To prove that it is free is easy, but how do I prove properness? By definition, one should check that the preimage by the map $\Phi: G \times M \rightarrow M \times M$ which takes $(g,x)\mapsto (g\cdot x,x)$ of any compact set in $M \times M$ is a compact set in $G \times M$, $M$ being a smooth manifold.

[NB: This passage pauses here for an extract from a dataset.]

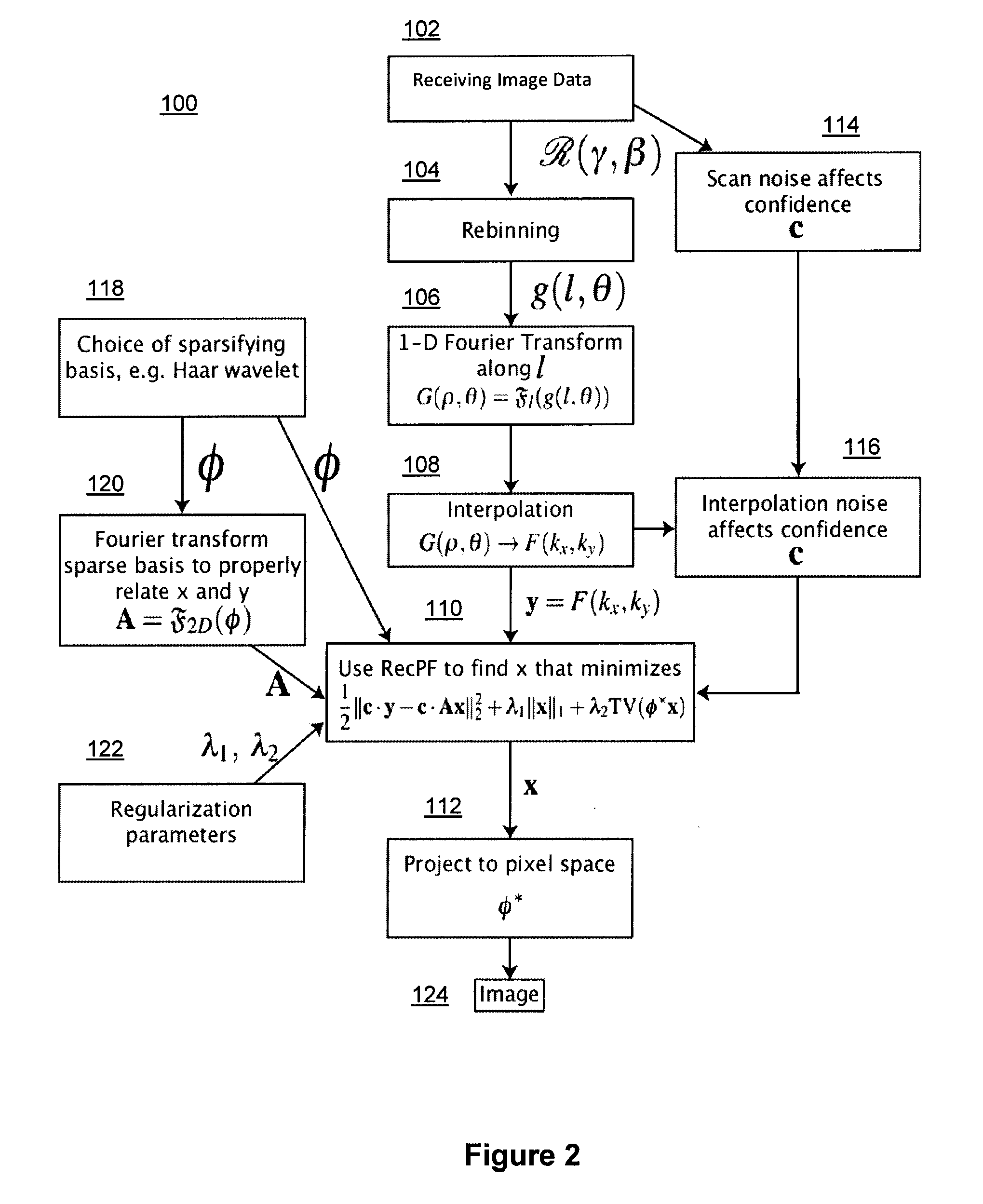 Method and system for compressed sensing image reconstruction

In the Google preview of the book "Lie Groups" by Duistermaat and Kolk, page 56, it is said that the left action of $G$ on $G$ is free and proper because the map $(g,x)\mapsto (g\cdot x,x)$ is bijective: $G \times G \rightarrow G \times G$, and the inverse $(g,x)\mapsto (g\cdot x^{-1},x)$ is continuous, thus mapping compact sets to compact sets. I understand this reasoning, but if I try to do the same for a (closed) subgroup $H$, where does the closed assumption come into play? This is what I don't get.

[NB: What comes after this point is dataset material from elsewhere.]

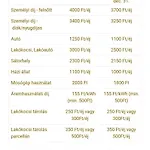 Lakokocsi Termal Fuerdo Turkeve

I've also checked this question. It is actually the same problem I'm trying to solve. Although I understand the scheme of the proof in the answer given there, I'm not sure how that reconciles with the definition of properness I gave above, again, that the preimage by $\Phi$ of any compact set in $G \times G$ should be a compact set in $H \times G$.

EDIT: I think I found a very easy solution for the problem, working with yet another, equivalent, definition of a proper action, that is, an action $A: H \times G \rightarrow G$ is proper iff for any sequence $\{h_n\}$ in $H$ and any convergent sequence $\{g_n\}$ in $G$, such that $\{h_n\cdot g_n\}$ converges, the sequence $\{h_n\}$ admits a convergent subsequence which converges in $H$.

So, we can write $h_n=(h_n\cdot g_n)\cdot g_n^{-1}, \forall n$ because we are in a group. But the sequence $\{h_n\cdot g_n\}$ converges by hypothesis, and the sequence $\{g_n^{-1}\}$ also converges because $\{g_n\}$ converges. So the product sequence, $h_n$, is a convergent sequence and every subsequence of it converges to the same limit. With $H$ being closed, this limit is in $H$, and so we conclude that $H$ acts properly on $G$.

Anyway, I still don't understand well why the three definitions, the one I gave initially, the one in which the answer to the linked question is based and this last one related to sequences, are equivalent. But the proof seems to come out very easily this way.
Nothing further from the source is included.